Why Tides Rise and Fall

The tides of large bodies of water and the ocean are caused mostly due to gravitational pull of the moon and partially due to gravitational pull from the sun. As the Earth rotates and spins on its axis it gets closer to the sun during the day and closer to the moon at night. The sun is very, very far away but can still exert some gravitational influence. The moon is relatively close and has a large influence with respect to gravitational pull.

Each day there are high and low tides because of the imbalance of gravitational pull. When the Earth is closer to the moon the oceans are pulled toward the moon.  This pull can create high tides in some places and low tides in others. The places where the water is pushed inland are experiencing a high tide while the places where water is pulled away experience low tide. These tides can be drastically different. A channel can be nearly empty at low tide and filled to the top of the dock at high tide.

Inertia also plays a role in the tides. Inertia is the resistance to any physical object to change its state of motion or resting state. This means that the gravitational pull has to overcome the force of inertia in order to cause a tide. The moon has a rather strong gravitational pull and it therefore can easily overcome the force of inertia of the water. The sun does have some influence but has a harder time causing tides because of its distance.

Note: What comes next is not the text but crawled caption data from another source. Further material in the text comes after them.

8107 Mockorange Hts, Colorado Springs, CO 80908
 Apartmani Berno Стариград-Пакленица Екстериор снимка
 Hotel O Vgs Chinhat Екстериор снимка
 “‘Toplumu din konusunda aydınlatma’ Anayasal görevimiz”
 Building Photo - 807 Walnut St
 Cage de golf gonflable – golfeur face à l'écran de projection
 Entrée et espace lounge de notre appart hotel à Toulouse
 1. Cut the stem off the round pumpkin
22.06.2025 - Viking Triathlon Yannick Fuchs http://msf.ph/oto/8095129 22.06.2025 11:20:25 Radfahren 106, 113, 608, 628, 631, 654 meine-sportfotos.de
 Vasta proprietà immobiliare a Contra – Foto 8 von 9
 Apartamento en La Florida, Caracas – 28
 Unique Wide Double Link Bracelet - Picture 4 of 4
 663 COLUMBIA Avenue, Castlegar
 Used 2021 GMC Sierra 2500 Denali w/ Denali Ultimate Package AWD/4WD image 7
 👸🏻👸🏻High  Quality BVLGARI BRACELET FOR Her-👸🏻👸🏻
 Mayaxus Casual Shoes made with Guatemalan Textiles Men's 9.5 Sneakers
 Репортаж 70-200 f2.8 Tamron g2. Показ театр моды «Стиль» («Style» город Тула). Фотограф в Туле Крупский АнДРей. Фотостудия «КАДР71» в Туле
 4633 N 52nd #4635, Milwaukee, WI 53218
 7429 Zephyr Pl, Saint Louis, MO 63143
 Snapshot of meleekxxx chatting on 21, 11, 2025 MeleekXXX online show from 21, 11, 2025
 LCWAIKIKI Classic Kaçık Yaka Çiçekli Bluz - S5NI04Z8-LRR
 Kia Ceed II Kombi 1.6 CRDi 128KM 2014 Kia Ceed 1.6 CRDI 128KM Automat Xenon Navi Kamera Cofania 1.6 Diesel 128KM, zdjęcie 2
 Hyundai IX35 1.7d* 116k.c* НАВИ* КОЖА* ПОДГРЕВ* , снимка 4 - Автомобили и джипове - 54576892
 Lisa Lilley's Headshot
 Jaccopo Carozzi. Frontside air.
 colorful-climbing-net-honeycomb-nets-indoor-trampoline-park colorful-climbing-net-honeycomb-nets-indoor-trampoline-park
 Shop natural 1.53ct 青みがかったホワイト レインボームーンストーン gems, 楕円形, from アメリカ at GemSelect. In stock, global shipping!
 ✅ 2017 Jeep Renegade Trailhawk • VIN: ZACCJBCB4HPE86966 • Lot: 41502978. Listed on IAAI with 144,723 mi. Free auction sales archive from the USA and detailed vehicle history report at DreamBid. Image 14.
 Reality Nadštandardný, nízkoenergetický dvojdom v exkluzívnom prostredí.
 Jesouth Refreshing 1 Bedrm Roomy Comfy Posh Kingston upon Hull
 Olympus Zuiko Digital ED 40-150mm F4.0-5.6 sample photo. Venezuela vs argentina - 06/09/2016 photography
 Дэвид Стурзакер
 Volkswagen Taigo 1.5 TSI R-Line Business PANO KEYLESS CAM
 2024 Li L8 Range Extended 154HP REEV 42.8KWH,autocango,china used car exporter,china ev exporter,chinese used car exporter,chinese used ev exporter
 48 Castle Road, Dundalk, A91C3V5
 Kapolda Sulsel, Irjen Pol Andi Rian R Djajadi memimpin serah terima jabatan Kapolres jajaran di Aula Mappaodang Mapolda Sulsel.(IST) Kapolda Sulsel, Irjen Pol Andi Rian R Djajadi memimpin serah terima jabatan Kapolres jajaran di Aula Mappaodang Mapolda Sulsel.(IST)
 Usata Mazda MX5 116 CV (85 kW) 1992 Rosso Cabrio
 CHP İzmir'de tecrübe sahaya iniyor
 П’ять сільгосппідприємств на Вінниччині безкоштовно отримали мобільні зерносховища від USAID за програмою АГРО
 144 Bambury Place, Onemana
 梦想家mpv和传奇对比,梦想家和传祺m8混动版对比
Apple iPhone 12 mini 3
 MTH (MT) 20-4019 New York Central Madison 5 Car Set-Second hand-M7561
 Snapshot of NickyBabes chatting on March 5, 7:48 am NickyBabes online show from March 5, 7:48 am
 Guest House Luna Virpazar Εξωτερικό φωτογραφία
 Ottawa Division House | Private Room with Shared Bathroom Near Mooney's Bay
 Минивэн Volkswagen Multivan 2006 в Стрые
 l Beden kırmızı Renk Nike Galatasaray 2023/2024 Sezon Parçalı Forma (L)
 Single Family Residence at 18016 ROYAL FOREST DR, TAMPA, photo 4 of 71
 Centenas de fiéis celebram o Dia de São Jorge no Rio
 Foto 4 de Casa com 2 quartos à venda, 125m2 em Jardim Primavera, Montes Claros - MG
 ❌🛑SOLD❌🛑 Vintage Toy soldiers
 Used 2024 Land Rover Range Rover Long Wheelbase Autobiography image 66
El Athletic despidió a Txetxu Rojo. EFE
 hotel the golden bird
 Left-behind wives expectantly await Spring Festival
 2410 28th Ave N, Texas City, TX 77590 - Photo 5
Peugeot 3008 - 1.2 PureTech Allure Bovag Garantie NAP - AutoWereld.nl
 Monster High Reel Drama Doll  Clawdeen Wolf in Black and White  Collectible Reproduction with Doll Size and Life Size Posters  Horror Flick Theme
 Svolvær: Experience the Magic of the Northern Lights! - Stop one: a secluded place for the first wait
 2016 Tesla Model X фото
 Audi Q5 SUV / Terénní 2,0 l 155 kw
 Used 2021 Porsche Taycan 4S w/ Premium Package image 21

The resultant force of gravitational pull can cause bulges of water. There is one when the moon and Earth are closest to each other and another when they are the farthest apart. As the season change, so does the angle at which the Earth and the moon near each other. This is known as declination. During the summer and fall equinoxes, the moon has the least influence on the tides because it is closest to the equator. During the summer and winter equinoxes, there is more influence from the moon.

The lunar day is twenty four hours and fifty minutes, slightly longer than a solar day as it is measured on Earth. As a result, some regions can experience to tidal bulges each lunar day. This is why there is a high tide every twelve hours and twenty five minutes.  This is also why tidal charts are necessary. The charting system must take into account the season, the closeness of the Earth to the moon and the cycle of the lunar day.